Plusieurs milliers de personnes dans le monde sont défavorisées par des déficiences mentales, physiques ou sensorielles. A cause de ces handicaps, elles se voient marginalisées et ont du mal à s’insérer dans la société. Ainsi, dans toutes les régions du monde, des enfants et des adultes connaissent le sort de proscrits.
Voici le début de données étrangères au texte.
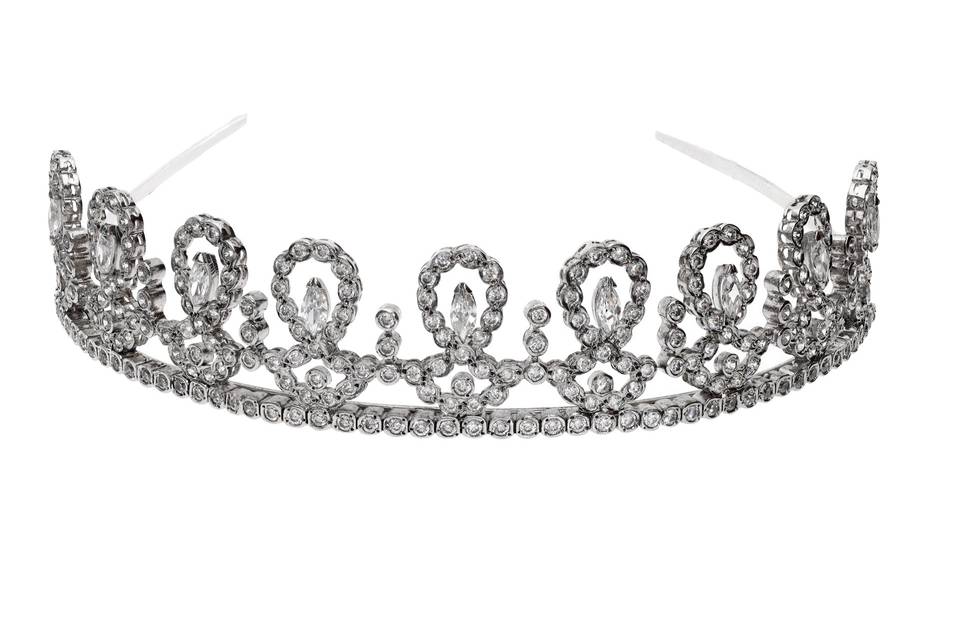 Diadema orlas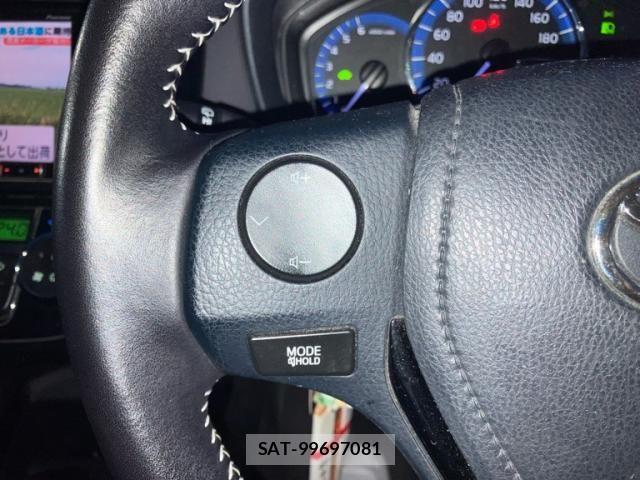 Toyota COROLLA FIELDER 2015-07 8848523-22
Pourtant, certains surclassent leur handicap pour donner un autre sens à leur vie ou du moins, changer le regard de la société sur leur situation. C’est le cas de M. Agbéré Djalilou, actuellement journaliste à Taxi FM, à qui, une fracture lors d’un match de football, a coûté l’amputation d’une jambe. Passionné des médias, il a pu s’intégrer dans cet univers qui demande beaucoup de sacrifice et d’abnégation. C’est un homme enjoué et très à l’aise qu’on rencontre dans ses activités quotidiennes. A bâtons rompus, il a parlé de son vécu quotidien, de son parcours et de ses rapports avec son entourage et ses collaborateurs.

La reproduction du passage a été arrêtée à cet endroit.